Client and Server Requirements: The LDAP server and Java client environment must satisfy the requirements detailed in the SSL and Custom Sockets (in the Tips for LDAP Users trail) section for client authentication.
For TLS, because the LDAP server might already have a database of certificates, sometimes it is convenient to use certificates for client authentication. To use the TLS client's credentials for authentication, you use the External SASL mechanism. Here is an example.
// Set up environment for creating initial context
Hashtable env = new Hashtable(11);
env.put(Context.INITIAL_CONTEXT_FACTORY, "com.sun.jndi.ldap.LdapCtxFactory");

// Must use the name of the server that is found in its certificate
env.put(Context.PROVIDER_URL, "ldap://ldap.jnditutorial.org:389/o=JNDITutorial");

// Create initial context
LdapContext ctx = new InitialLdapContext(env, null);

// Start TLS
StartTlsResponse tls =
    (StartTlsResponse) ctx.extendedOperation(new StartTlsRequest());
tls.negotiate();

// Perform client authentication using TLS credentials
ctx.addToEnvironment(Context.SECURITY_AUTHENTICATION, "EXTERNAL");

// ... do something useful with ctx that requires secure connection
To run this program, you need to specify the location and password of the keystore file that contains the client's certificate.
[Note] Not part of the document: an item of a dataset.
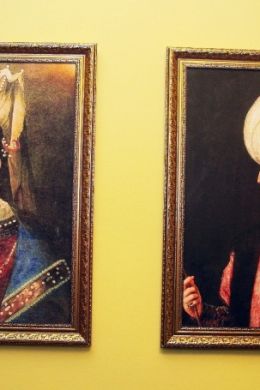 Настоящий портрет султана сулеймана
Here is an example of how to run the program.
java -Djavax.net.ssl.keyStore=MyKeystoreFile \
    -Djavax.net.ssl.keyStorePassword=mysecret \
    StartTlsExternal

To further customize how your application obtains its client certificates and determines trust relationships, write a custom socket factory class that implements the SSLSocketFactory(in the API reference documentation) abstract class. Then, use the StartTlsResponse.negotiate(SSLSocketFactory)(in the API reference documentation) method to make use of the custom socket factory. See the JSSE Reference Guide for details on keystores, trust stores, and socket factories.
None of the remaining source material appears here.